* Requirement *
Repeat every entry exactly as it appears.

[Excerpts from a dataset]

--*--

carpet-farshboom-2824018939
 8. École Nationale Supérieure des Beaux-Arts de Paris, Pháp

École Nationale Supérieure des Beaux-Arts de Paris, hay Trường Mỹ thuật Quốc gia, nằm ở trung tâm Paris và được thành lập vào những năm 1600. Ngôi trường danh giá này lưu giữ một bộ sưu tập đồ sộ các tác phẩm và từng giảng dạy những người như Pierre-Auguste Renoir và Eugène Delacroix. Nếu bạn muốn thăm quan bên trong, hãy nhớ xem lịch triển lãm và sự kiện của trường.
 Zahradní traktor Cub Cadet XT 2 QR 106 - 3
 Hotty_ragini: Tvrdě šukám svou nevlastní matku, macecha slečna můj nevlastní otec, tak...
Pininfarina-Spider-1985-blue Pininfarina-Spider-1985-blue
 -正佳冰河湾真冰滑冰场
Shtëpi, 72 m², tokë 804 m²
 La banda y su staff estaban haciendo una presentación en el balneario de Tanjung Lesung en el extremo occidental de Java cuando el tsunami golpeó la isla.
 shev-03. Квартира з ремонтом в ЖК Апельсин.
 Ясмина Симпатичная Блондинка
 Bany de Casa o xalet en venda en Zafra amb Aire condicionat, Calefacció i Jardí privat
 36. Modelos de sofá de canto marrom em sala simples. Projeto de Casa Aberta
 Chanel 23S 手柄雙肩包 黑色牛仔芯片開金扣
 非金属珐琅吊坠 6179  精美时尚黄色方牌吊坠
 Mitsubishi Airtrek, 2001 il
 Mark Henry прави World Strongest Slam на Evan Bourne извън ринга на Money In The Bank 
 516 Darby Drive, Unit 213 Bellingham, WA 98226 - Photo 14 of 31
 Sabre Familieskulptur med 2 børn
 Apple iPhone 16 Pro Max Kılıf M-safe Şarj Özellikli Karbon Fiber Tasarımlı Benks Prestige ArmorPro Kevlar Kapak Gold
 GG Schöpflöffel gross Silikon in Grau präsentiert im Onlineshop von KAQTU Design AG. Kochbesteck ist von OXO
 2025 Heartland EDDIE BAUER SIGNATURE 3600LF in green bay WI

--*--

* The completed task *
carpet-farshboom-2824018939
 8. École Nationale Supérieure des Beaux-Arts de Paris, Pháp

École Nationale Supérieure des Beaux-Arts de Paris, hay Trường Mỹ thuật Quốc gia, nằm ở trung tâm Paris và được thành lập vào những năm 1600. Ngôi trường danh giá này lưu giữ một bộ sưu tập đồ sộ các tác phẩm và từng giảng dạy những người như Pierre-Auguste Renoir và Eugène Delacroix. Nếu bạn muốn thăm quan bên trong, hãy nhớ xem lịch triển lãm và sự kiện của trường.
 Zahradní traktor Cub Cadet XT 2 QR 106 - 3
 Hotty_ragini: Tvrdě šukám svou nevlastní matku, macecha slečna můj nevlastní otec, tak...
Pininfarina-Spider-1985-blue Pininfarina-Spider-1985-blue
 -正佳冰河湾真冰滑冰场
Shtëpi, 72 m², tokë 804 m²
 La banda y su staff estaban haciendo una presentación en el balneario de Tanjung Lesung en el extremo occidental de Java cuando el tsunami golpeó la isla.
 shev-03. Квартира з ремонтом в ЖК Апельсин.
 Ясмина Симпатичная Блондинка
 Bany de Casa o xalet en venda en Zafra amb Aire condicionat, Calefacció i Jardí privat
 36. Modelos de sofá de canto marrom em sala simples. Projeto de Casa Aberta
 Chanel 23S 手柄雙肩包 黑色牛仔芯片開金扣
 非金属珐琅吊坠 6179  精美时尚黄色方牌吊坠
 Mitsubishi Airtrek, 2001 il
 Mark Henry прави World Strongest Slam на Evan Bourne извън ринга на Money In The Bank 
 516 Darby Drive, Unit 213 Bellingham, WA 98226 - Photo 14 of 31
 Sabre Familieskulptur med 2 børn
 Apple iPhone 16 Pro Max Kılıf M-safe Şarj Özellikli Karbon Fiber Tasarımlı Benks Prestige ArmorPro Kevlar Kapak Gold
 GG Schöpflöffel gross Silikon in Grau präsentiert im Onlineshop von KAQTU Design AG. Kochbesteck ist von OXO
 2025 Heartland EDDIE BAUER SIGNATURE 3600LF in green bay WI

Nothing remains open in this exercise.